# Accéder ou récupérer partition Linux sous Mac Leopard



## midiweb (16 Août 2008)

salut, comment récupérer ou effacer une partition Linux Ubuntu de 20GB  sous Mac Leopard 10.5?
J'avais crée 4 partitions  à l'installation de mon nouveau DD de 320gb:

1.Boot
2.Documents
3.Music
4.Ubuntu

J'ai installé entretemps Ubuntu avec Parallels.

Avec l'utilitaire de disques de Mac OS, je ne vois que la partition Swap qui est grisée.
 Je voudrais faire une partition Mac à partir ce cette partition Linux.

Comment faire?

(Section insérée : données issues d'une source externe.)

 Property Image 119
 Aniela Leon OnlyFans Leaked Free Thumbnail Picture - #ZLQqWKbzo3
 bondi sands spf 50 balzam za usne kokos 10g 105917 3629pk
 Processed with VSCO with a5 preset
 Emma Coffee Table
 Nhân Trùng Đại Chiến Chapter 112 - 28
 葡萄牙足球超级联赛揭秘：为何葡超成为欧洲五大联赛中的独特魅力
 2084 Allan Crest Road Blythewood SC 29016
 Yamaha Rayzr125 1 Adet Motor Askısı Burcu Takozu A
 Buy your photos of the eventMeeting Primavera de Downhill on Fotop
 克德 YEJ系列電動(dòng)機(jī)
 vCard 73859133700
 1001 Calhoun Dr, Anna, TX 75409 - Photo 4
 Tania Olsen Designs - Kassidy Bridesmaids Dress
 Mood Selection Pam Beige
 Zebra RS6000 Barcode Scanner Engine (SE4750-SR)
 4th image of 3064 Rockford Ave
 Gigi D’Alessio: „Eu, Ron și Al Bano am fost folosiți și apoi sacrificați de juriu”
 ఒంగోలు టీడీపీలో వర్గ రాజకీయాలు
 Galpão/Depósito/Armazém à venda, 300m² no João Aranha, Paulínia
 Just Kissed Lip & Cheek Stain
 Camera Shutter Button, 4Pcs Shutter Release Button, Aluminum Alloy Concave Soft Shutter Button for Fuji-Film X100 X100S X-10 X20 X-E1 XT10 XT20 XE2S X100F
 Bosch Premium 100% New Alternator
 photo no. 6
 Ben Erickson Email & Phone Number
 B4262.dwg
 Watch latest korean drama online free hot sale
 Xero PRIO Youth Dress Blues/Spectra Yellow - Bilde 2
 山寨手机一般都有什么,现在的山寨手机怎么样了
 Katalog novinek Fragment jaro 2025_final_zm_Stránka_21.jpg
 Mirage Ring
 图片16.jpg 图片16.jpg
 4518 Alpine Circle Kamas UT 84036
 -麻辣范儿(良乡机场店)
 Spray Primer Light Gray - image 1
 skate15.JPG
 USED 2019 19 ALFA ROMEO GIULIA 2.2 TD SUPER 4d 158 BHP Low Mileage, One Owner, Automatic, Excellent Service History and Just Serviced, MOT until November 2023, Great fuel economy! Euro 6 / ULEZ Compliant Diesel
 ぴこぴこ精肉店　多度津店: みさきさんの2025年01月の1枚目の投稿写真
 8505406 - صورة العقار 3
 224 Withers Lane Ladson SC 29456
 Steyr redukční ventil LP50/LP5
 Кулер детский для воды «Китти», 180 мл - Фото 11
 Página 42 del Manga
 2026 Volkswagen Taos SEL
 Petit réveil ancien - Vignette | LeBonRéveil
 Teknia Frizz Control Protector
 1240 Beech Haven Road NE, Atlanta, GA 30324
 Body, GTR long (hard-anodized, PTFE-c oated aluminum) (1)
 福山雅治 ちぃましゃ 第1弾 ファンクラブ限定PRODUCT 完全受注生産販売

Merci


----------



## Archaon59 (20 Août 2008)

As-tu essayé directement en bootant sur le CD de Léopard ? Insère-le, laisse appuyé sur "alt", choisis le disque de Leopard, une fois le CD chargé va dans les utilitaires et tu auras accès à l'utilitaire de disque . Peut être que Leopard ne veut pas modifier un disque dur en cours d'utilisation ...

Autrement, solution un peu plus longue, dégotte toi un CD d'Ubuntu, boot dessus (idem, touche "alt") et passe par l'éditeur de partition d'Ubuntu (j'ai du faire ça une fois) . Par contre fais attention à ne pas supprimer ta partition MacOS !

J'espère t'avoir aidé


----------